# New Trailer: Horse Won't Load



## Bluewinter (Mar 31, 2011)

Congrats on trailer! That is awesome. I learned a trick about harder to load horses years ago and it has always been successful for us. You would be best suited to have 2 people. You need a lunge line or long lead and a lead rope. Get the horse as close to the trailer as you can with him acting calmly and where he will stand quietly. Have the lunge line/long line attached to his halter. The line needs to be going where you want the horse to go and the best result is to wrap it once around some part of the frame of the trailer, have one person hold this on the outside of the trailer but somewhere where they can see where the horse is. You should try to avoid any pressure from this line on his halter, it is only there to prevent any backward motion. The lack of pressure here means that he won't resist. Have other person ask the horse for forward motion in to the trailer. The closer he gets have the person on the long line take up the slack, but never allow pressure. So the closer he gets, the better and he never gets further away. If he pulls on the line, keep resistance so that he does not move back while the person beside him asks for forward motion and if necessary with light taps on his him/bottom for the knotted end of the lead line, do this until he stops resisting, be insistant that he move forward off the line and once he steps forward there is no pressure. If he is standing there and checking out the trailer and being cooperative, give him time, let him do this. But if he is not interested or is paying attention to something else, etc ask him to move forward with the pressure from the rear - light taps from lead rope, etc. Once he moves forward at all let him inspect again, until he gets bored, etc. I know that this sounds long and involved but it has never taken more than 30 minutes for us to get one loaded this way. I am sure that there are the equine exceptions though! Basically you want to pressure from behind, kindly and not from his head.

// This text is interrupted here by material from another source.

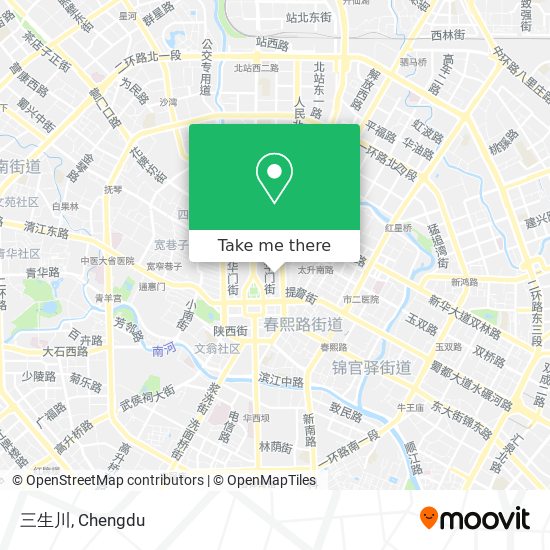 三生川 map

If you give him time each time he moves forward - with praise and rest, it will be a lot easier the next time. Just remember to make sure he is paying attention and that the long line only has any pressure on it if he is hauling butt backwards, the key is to not allow backwards motion and always encourage forward motion, the long line person must be diligent in keeping out the slack. Best of luck!!! Hope this helps you!


----------



## smrobs (Jul 30, 2008)

Another method to use is to make away from the trailer a place where he doesn't want to be. Lead him toward the trailer and the instant that he refuses, put him to work. Lunge him back and forth between you and the trailer, lots of direction changes, make him breath hard. When he's sucking a bit of air and is focused on you, lead him toward the trailer again. So long as he is looking/investigating or coming forward just let him come and keep lightly encouraging him. If he is obviously scared and he wants to stop and look, give him plenty of time to do that, so long as he doesn't move away. The instant that he backs up or moves away from the trailer, put him to work again. Repetition will make him realize that being on the ramp or in the trailer is where he gets to rest and away from the trailer means he has to work. He should be loading up in no time.


----------



## sandpiper1 (Nov 17, 2010)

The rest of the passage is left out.